The gray Michigan winter howls outside, the shadows of cadaverous trees lay etched into the window panes, shaking and trembling in the night. The shadows of the branches are calligraphic in the wind. The wind buffets this tiny house, wriggling into the woodwork, whispering into our self-contained climate. I feel it blow along the halls of the house, trailing up the back of my neck, impregnating itself inside my clothing, edging into seams and assaulting my skin. It is the spirit of the winter, bearing down, filling my cold and sleepless lungs. And from the bed, in the night, sleeping not, I see the moon. Oh this moon, the pale beautiful flesh I see through the plate glass of a foggy window, it shines down, making ghostly shapes on the lawn outside. I watch the sky, like a bright city skyline, blinking in the codes of infinity, codes that when deciphered reveal the vicious machinations of these stars.

These stars.

These liars.

I turn back over. The real story here is I'm sleeping in this kid's bed. I'm sleeping over. It's night and I can hear him breathing heavily, breaking the room up into this respiratory rhythm, a shuffling of gasses. It isn't his fault, though I’d like to blame him, that I cannot sleep. I've never been able to sleep in other people's beds. it's just a thing with me. But as I lay there, watching him sleep—his face so peaceful like the newly dead, his breath shrouded in moisture, wet lips are parted to admit this exchange—I am struck by the beauty of the sleeping, struck by the effortless peace begotten here, tranquility almost by design but never realized or acknowledged. Thoughts like this, while not understood fully, make my heart race, make my blood beat vastly and rapidly. This is my new drug, inhaled slowly in the night, like a visual stimulus, a lullaby, lulling me to a sleep haunted by dreams of what were wished into a pleasant fiction. I wake up throughout the night; these dreams never last. They end at crucial moments, leaving me hanging, breath held, eyes closed, lips parted and neck craned upwards. I awake, the disappointing excitement of a dirty dream lingering in my stomach. I trace my fingers over his arm, laying comatose in the bed next to me, and he sighs, rolling over. In the night, I slowly wrap myself into him, like a secret setting up shop in his heart.

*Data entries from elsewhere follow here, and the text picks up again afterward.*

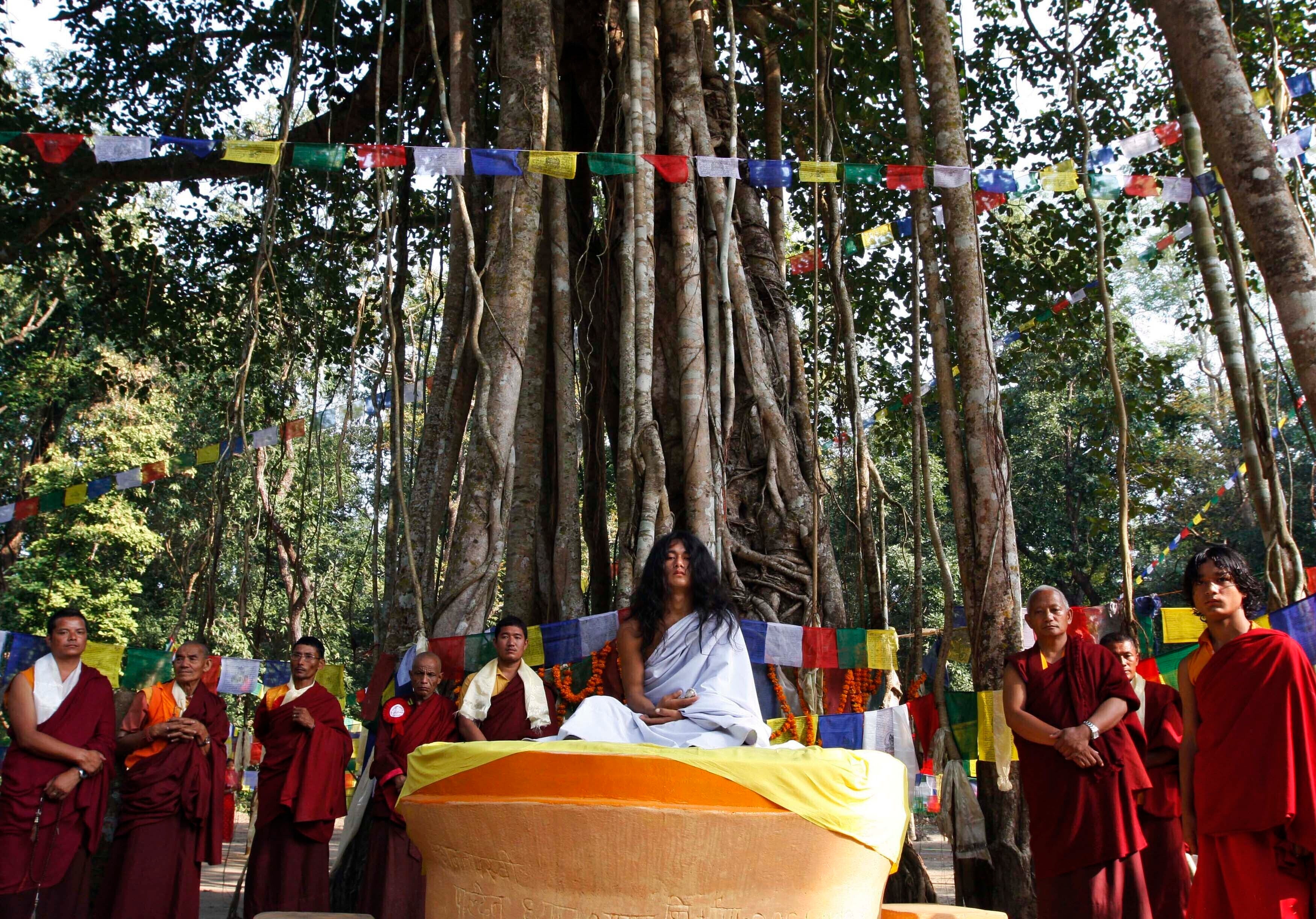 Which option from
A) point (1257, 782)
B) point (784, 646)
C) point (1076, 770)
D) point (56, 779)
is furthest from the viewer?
point (784, 646)

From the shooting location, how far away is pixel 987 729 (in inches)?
186

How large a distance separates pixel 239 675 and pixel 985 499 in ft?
14.3

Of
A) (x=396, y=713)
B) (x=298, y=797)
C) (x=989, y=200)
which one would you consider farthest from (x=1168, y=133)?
(x=298, y=797)

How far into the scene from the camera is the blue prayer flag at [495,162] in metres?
5.67

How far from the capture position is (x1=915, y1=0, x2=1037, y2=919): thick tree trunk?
441 centimetres

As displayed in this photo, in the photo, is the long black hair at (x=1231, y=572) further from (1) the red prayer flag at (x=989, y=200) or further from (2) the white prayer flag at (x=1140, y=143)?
(1) the red prayer flag at (x=989, y=200)

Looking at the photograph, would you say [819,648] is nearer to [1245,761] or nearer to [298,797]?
[1245,761]

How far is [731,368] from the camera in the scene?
19.4 ft

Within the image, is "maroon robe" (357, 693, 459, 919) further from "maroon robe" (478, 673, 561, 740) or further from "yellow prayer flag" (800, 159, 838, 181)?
"yellow prayer flag" (800, 159, 838, 181)

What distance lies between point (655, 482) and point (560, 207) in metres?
2.04

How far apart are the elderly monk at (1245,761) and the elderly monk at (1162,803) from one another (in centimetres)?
97

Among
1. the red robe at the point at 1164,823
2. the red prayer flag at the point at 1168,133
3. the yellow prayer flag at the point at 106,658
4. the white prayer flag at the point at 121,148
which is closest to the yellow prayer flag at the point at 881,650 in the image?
the red robe at the point at 1164,823

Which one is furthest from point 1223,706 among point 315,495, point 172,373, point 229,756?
point 315,495

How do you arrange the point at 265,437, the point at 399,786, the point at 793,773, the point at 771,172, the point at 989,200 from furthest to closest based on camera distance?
the point at 265,437
the point at 989,200
the point at 771,172
the point at 399,786
the point at 793,773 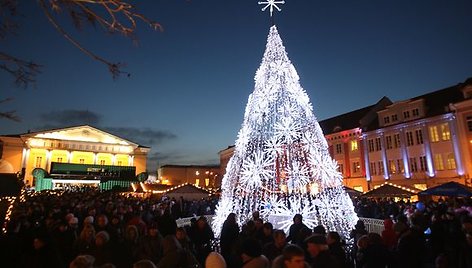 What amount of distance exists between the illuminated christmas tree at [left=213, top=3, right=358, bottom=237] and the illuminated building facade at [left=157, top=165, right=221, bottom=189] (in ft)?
220

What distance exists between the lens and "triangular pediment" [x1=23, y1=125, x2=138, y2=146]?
5889cm

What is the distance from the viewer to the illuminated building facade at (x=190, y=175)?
7906 centimetres

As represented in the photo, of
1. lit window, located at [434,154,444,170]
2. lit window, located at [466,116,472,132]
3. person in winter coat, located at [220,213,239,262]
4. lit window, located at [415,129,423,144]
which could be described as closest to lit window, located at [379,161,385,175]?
lit window, located at [415,129,423,144]

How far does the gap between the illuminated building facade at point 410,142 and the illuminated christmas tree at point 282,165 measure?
22144 mm

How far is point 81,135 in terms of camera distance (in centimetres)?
6200

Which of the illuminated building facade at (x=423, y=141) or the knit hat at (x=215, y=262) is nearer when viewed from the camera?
the knit hat at (x=215, y=262)

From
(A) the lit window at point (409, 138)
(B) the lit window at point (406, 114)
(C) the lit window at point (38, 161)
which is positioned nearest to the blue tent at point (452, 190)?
(A) the lit window at point (409, 138)

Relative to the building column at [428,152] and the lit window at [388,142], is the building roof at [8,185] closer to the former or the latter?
the building column at [428,152]

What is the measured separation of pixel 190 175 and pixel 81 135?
2892cm

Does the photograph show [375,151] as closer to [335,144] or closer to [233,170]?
[335,144]

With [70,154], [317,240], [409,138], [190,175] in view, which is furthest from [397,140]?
[190,175]

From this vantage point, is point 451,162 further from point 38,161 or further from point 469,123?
point 38,161

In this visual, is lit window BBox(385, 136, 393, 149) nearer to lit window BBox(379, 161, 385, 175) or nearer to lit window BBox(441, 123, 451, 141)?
lit window BBox(379, 161, 385, 175)

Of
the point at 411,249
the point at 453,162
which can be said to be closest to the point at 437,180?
the point at 453,162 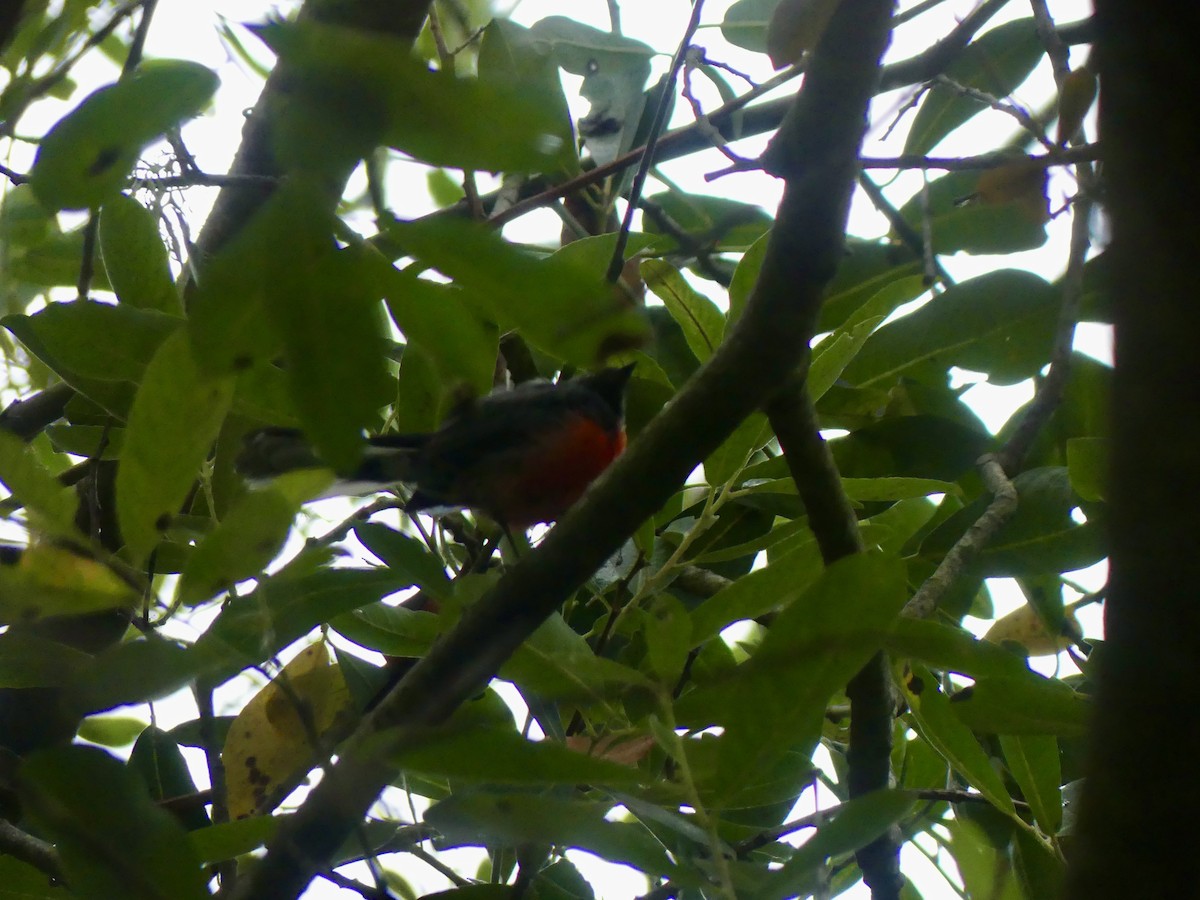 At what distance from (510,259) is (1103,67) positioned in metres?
0.52

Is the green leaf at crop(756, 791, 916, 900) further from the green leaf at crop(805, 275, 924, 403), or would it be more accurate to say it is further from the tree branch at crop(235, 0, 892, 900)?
Answer: the green leaf at crop(805, 275, 924, 403)

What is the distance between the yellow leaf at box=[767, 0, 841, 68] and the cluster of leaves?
306 mm

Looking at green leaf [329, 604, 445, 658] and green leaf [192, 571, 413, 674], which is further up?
green leaf [329, 604, 445, 658]

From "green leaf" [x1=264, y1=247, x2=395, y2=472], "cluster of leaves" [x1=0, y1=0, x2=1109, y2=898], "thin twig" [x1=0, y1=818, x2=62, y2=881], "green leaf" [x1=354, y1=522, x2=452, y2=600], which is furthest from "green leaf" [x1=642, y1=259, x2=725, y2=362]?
"thin twig" [x1=0, y1=818, x2=62, y2=881]

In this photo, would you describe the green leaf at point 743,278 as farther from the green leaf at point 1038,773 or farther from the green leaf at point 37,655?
the green leaf at point 37,655

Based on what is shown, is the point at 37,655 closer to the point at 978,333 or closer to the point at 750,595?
the point at 750,595

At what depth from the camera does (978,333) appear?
8.78 feet

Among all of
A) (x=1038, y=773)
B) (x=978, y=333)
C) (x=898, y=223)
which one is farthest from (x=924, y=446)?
(x=898, y=223)

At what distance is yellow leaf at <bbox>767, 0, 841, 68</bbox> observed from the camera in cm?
176

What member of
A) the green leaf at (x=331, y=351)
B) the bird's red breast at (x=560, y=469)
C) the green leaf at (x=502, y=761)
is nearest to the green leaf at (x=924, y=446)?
the bird's red breast at (x=560, y=469)

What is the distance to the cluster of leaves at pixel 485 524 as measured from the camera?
95 centimetres

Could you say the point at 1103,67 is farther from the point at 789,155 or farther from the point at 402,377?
the point at 402,377

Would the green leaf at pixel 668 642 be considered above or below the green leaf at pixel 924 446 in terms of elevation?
below

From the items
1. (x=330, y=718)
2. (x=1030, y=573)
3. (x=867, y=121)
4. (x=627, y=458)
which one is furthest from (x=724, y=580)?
(x=867, y=121) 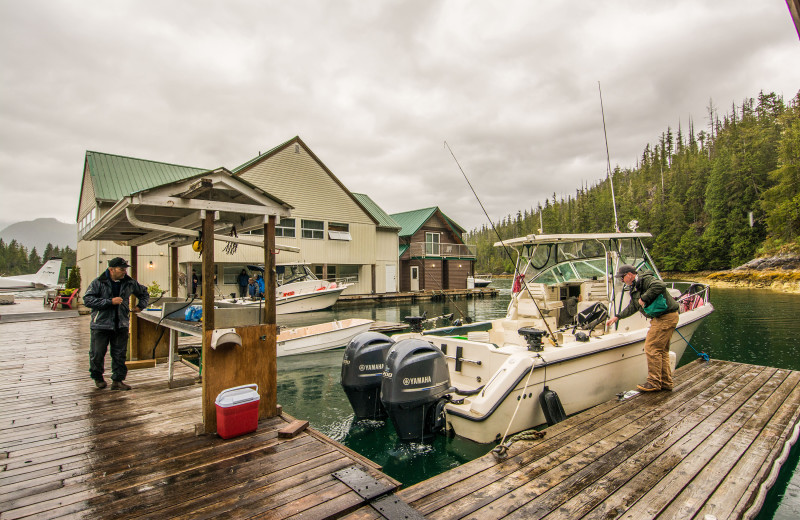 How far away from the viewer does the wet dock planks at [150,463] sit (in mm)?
2705

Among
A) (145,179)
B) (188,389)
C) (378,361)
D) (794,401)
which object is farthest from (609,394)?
(145,179)

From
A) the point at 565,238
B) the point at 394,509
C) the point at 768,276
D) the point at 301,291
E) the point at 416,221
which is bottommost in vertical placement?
the point at 394,509

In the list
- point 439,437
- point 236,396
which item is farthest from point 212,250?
point 439,437

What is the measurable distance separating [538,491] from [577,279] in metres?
5.60

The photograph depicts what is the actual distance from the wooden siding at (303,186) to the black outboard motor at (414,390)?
65.5 ft

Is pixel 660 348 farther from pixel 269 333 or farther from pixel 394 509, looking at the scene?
pixel 269 333

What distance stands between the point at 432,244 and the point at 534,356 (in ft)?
94.7

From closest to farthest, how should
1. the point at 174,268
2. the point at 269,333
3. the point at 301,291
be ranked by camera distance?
the point at 269,333, the point at 174,268, the point at 301,291

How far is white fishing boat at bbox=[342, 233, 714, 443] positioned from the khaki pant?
1.73 feet

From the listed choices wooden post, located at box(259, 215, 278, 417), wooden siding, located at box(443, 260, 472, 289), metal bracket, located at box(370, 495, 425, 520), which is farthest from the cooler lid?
wooden siding, located at box(443, 260, 472, 289)

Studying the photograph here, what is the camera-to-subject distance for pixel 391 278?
1192 inches

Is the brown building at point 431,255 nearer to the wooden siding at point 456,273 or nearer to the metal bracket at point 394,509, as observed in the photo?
the wooden siding at point 456,273

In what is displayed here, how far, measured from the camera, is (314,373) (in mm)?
9602

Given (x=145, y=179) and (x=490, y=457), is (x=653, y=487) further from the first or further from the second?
(x=145, y=179) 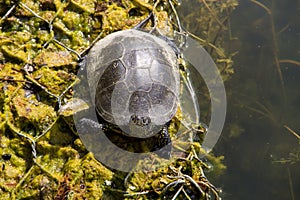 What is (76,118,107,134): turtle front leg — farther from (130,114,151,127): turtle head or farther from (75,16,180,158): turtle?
(130,114,151,127): turtle head

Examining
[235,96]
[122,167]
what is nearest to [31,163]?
[122,167]

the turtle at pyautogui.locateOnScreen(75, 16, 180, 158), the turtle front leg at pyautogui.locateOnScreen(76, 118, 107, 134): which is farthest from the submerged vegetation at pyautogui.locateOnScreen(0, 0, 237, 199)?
the turtle at pyautogui.locateOnScreen(75, 16, 180, 158)

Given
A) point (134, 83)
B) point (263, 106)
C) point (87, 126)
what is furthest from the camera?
point (263, 106)

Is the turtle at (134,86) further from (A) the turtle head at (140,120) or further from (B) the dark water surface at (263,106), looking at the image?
(B) the dark water surface at (263,106)

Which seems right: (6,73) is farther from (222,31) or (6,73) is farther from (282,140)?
(282,140)

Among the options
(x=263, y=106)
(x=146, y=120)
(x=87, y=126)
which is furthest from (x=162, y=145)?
(x=263, y=106)

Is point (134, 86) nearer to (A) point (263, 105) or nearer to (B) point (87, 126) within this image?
(B) point (87, 126) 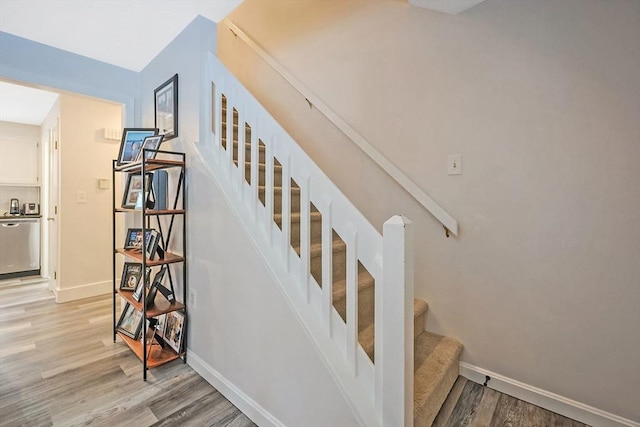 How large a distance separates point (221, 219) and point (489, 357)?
1.71 metres

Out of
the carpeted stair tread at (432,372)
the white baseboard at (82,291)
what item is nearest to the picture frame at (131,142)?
the white baseboard at (82,291)

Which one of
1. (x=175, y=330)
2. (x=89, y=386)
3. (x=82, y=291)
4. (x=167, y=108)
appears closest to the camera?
(x=89, y=386)

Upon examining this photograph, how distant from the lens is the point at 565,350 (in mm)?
1435

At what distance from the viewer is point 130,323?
7.33ft

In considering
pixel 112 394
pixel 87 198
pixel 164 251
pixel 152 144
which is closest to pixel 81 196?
pixel 87 198

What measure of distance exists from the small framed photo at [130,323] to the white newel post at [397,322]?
1.94 meters

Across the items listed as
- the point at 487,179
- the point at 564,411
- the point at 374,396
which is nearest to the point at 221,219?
the point at 374,396

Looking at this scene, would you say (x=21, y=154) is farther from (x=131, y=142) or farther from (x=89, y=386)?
(x=89, y=386)

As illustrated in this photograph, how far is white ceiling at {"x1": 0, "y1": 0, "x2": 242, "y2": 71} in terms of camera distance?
5.90 feet

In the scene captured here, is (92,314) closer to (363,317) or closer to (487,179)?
(363,317)

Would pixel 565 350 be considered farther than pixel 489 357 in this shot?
No

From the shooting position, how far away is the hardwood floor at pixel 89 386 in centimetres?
150

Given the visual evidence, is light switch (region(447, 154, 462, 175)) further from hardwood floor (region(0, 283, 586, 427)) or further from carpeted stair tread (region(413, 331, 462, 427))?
hardwood floor (region(0, 283, 586, 427))

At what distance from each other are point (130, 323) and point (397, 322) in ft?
7.19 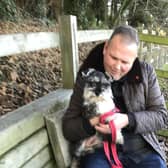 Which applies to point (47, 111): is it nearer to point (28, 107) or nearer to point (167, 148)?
point (28, 107)

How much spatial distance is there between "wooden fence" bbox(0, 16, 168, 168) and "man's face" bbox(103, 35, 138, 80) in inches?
26.5

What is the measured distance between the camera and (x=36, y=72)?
587 centimetres

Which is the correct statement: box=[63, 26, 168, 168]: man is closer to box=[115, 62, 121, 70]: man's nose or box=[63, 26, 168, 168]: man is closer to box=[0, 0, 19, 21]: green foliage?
box=[115, 62, 121, 70]: man's nose

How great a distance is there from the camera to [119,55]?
2686mm

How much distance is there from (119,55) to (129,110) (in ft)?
1.48

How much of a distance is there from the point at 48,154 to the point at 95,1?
9967 millimetres

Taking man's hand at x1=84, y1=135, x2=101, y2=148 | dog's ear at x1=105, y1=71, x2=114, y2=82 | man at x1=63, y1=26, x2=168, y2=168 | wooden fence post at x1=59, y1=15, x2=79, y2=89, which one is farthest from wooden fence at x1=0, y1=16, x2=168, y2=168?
dog's ear at x1=105, y1=71, x2=114, y2=82

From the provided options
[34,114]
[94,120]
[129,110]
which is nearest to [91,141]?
[94,120]

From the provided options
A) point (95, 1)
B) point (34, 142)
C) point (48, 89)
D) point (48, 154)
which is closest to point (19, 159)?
point (34, 142)

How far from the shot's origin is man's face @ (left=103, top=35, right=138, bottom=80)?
2690 millimetres

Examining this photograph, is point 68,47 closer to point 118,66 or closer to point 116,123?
point 118,66

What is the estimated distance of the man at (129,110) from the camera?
9.06ft

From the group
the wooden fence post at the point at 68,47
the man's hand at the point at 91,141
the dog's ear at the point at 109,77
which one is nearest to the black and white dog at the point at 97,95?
the dog's ear at the point at 109,77

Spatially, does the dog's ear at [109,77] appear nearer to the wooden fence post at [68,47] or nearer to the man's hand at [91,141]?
the man's hand at [91,141] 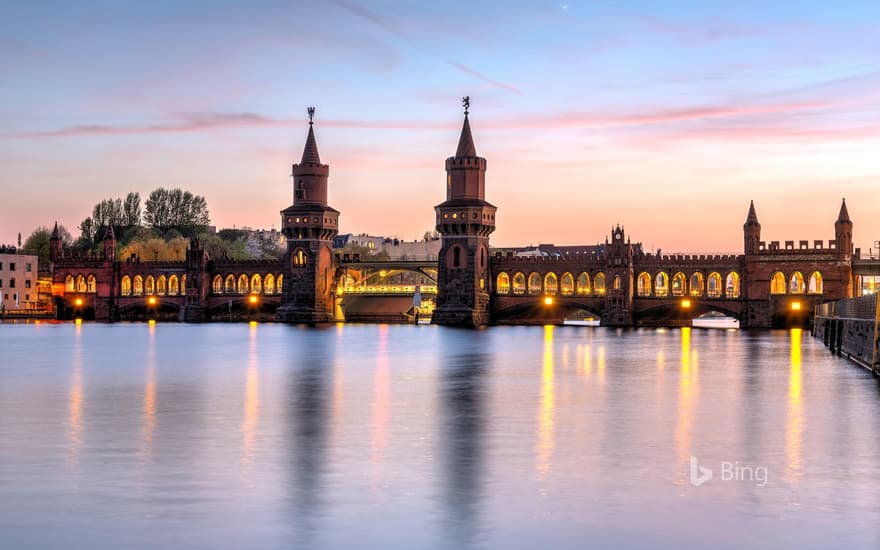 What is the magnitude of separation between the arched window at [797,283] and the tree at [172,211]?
338 ft

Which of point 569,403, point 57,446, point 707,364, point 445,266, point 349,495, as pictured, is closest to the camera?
point 349,495

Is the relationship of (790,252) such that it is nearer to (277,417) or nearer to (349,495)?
(277,417)

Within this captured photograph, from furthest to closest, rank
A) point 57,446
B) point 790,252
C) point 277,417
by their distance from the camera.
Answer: point 790,252 → point 277,417 → point 57,446

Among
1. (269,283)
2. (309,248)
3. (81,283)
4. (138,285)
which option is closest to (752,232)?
(309,248)

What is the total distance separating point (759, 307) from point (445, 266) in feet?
111

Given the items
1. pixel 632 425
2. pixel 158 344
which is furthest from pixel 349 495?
pixel 158 344

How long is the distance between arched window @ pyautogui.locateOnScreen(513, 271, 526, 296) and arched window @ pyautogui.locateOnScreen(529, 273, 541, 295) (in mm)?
844

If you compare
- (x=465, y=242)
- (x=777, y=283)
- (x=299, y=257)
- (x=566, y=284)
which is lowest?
(x=777, y=283)

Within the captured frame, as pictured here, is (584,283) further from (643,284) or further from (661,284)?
(661,284)

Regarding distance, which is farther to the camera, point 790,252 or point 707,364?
point 790,252

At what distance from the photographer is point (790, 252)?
116250 mm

I put my arm over him, nuzzle my head into his back and inhale his boyish scent. Luckily, he is a heavy sleeper.

Nothing ever turns out the way we had planned.

I get up and walk through shafts of moonlight that illuminate my insides, turning me into a silver skinned, swimming ghost. I get up and go to the bathroom where the yellow light brings me back, nearly grounding me. I look in my eyes, ringed by bands of fatigue, throw water on my face. Everything I told myself I wouldn't become is in the mirror. I squint viciously at him, wishing I could erase him, dig into history and weed the garden of memory and past thought. At what point do you start accepting your fate? When you've lost everything? Closing my eyes to avoid the boy in the mirror, I squint, blocking out everything. In the yellow bathroom light, in the moist and filthy atmosphere of this boy's adjoined lavatory, I masturbate breathlessly into the sink.

It is only afterwards that the real guilt begins to coil around me. On the cold tile I start to cry with the water running, masking my sobs.

The branches outside dance like grasping fingers in the wind.